L’Unasur propose de créer une « chaîne de solidarité, dirigée par la Croix-Rouge Internationale, au travers de laquelle tous les pays du monde s’engagent à apporter leur contribution pour que les pays d’origine – quand il existe des conditions permettant à ces migrants d’y rester - ou de destination de tous les migrants forcés puissent assumer leurs responsabilités humanitaires ».
L’Unasur appelle à la solidarité globale pour faire face à ce « génocide passif » et pour diminuer et soulager la souffrance de ces migrants forcés.
Cette coopération internationale, basée sur la solidarité, pourrait, selon l’organisation régionale, contribuer à « ouvrir des espaces économiques et sociaux pour que ces millions de citoyens à la dérive puissent trouver un lieu sûr où s’établir, d’où ils puissent se déplacer avec leurs familles ».
Contexte de crise humanitaire dans la Méditerranée
Cette déclaration de l’Unasur surgit au moment où l’Union européenne peine à trouver une solution humaine pour protéger la vie de milliers de citoyens africains et du Proche-Orient, bravant la Méditerranée en quête de refuge dans l’Union européenne.

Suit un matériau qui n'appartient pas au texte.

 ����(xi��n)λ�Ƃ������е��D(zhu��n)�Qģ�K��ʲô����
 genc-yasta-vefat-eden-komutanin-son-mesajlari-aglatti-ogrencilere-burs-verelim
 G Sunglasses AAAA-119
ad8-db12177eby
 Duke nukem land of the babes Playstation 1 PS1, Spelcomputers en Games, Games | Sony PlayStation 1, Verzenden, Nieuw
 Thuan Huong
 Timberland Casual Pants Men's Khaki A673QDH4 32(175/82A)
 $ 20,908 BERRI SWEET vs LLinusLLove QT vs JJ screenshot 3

Plusieurs activistes des droits humains voient d’un mauvais œil le fait que l’Union européenne (Ue) ait décidé d’aborder cette crise humanitaire du point de vue sécuritaire, en décidant d’ « établir une opération navale pour interrompre le modèle des réseaux de trafiquants » de personnes dans la Méditerranée, selon l’annonce faite par le chef de la diplomatie de l’Ue, Federica Mogherini, suite à réunion du conseil des ministres de défense et des chanceliers européens tenue à Bruxelles le lundi 18 mai 2015.
Ces activistes critiquent également le refus de plus de 10 - des 28 pays membres de l’Union européenne – d’appliquer la proposition de la Commission Européenne qui, le mercredi 13 mai 2015, invitait les pays de l’Ue à instaurer des quotas migratoires à l’échelle communautaire (prenant en compte le produit intérieur brut, la population, mais aussi le niveau de chômage de chaque pays et le nombre de demande d’asiles et de réfugiés ) pour accueillir des demandeurs d’asile et aussi des réfugiés se trouvant dans des pays tiers.

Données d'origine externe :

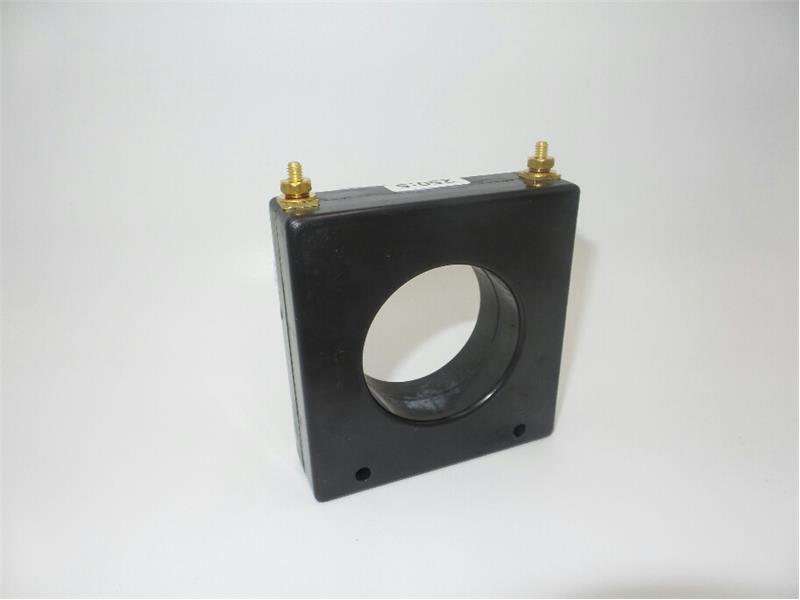 MOTORTRONICS 56SHT-500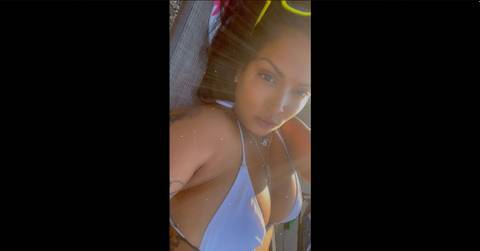 @loving_deexoxo @loving_deexoxo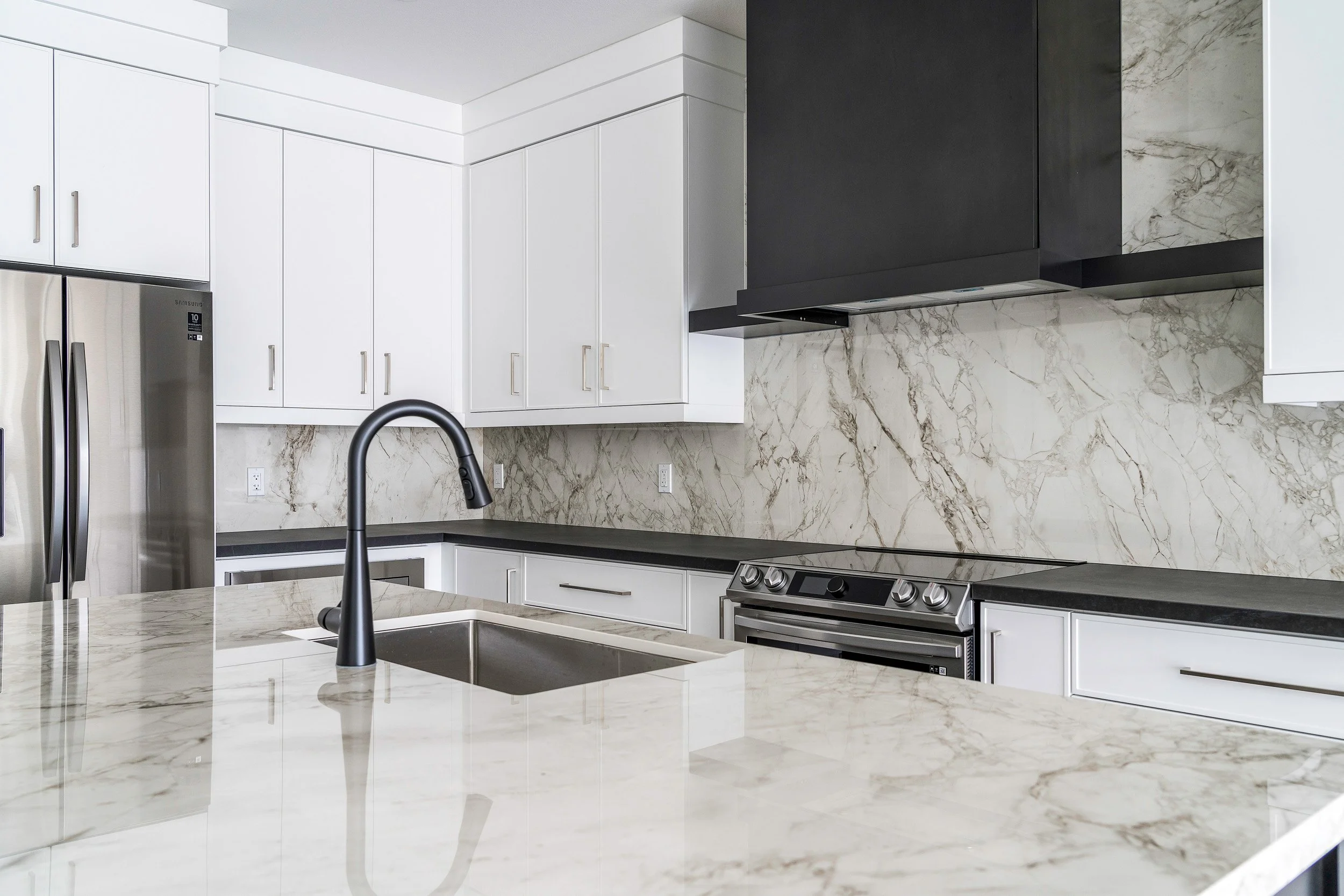 103 Emerson Way Web 17.jpg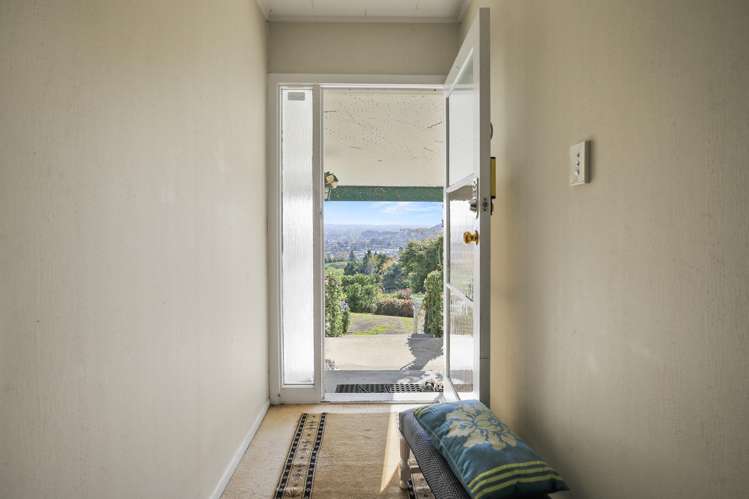 69a Awakino Road Te Kuiti_12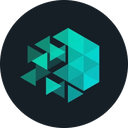 WIOTX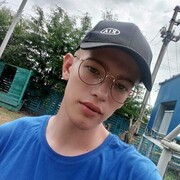  ,  , 20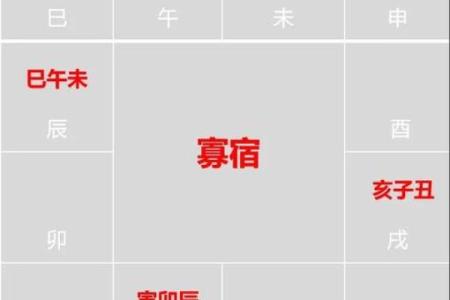 紫薇斗球数排盘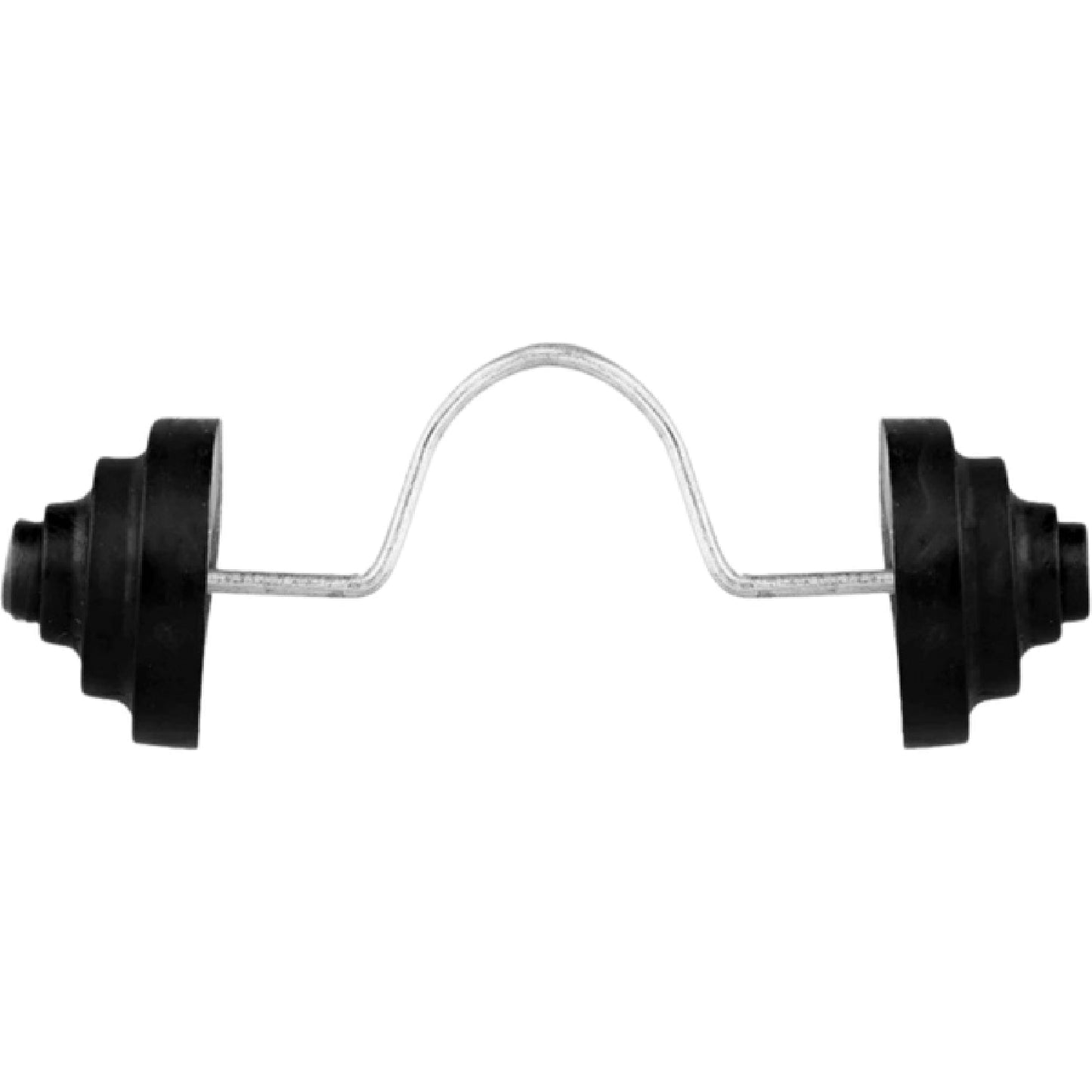 Love Muscle Pecker Exerciser – One Size Fun Gag Gift Toy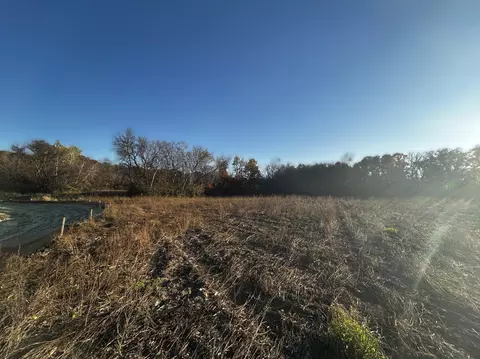 lot4 151st Ave SE, Becker, MN 55308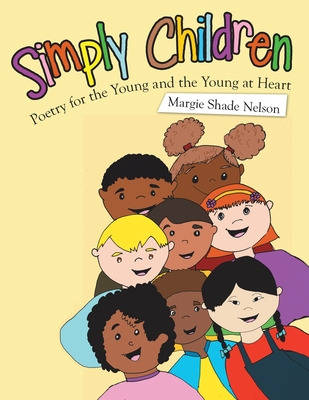 Libro Simply Children: Poetry For The Young And The Young...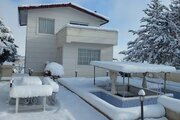 ویلا دوبلکس دوخواب ایکان در چالوس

La double vertu de la déclaration de l’Unasur
La déclaration de l’Unasur possède deux grandes vertus.
En premier lieu, elle laisse voir combien ces crises humanitaires et de droit international, affectant les migrantes et migrants provenant des pays pauvres ou en guerre de l’Afrique et de l’Asie, posent un problème global.
Problème, qui ne devrait laisser indifférent aucun pays, surtout ceux de destination qui ne font rien ni suffisamment d’efforts pour donner de la protection internationale aux étrangères et étrangers à la dérive et en détresse.
En second lieu, cette déclaration de l’Unasur lance une critique acerbe contre la globalisation de l’indifférence.
Elle convie tous les pays du monde à apporter une solution conjointe, qui doit être globale et qui passe nécessairement par une vraie coopération internationale fondée sur la solidarité. [wel rc apr 04/06/2015 0:00]
[1] Lien actif de la déclaration de l’Unasur http://www.unasursg.org/es/node/250
[2] Ces douze pays sont l’Argentine, la Bolivie, le Brésil, la Colombie, le Chili, l’Equateur, la Guyane, le Paraguay, le Perú, Suriname, l’Uruguay et le Venezuela.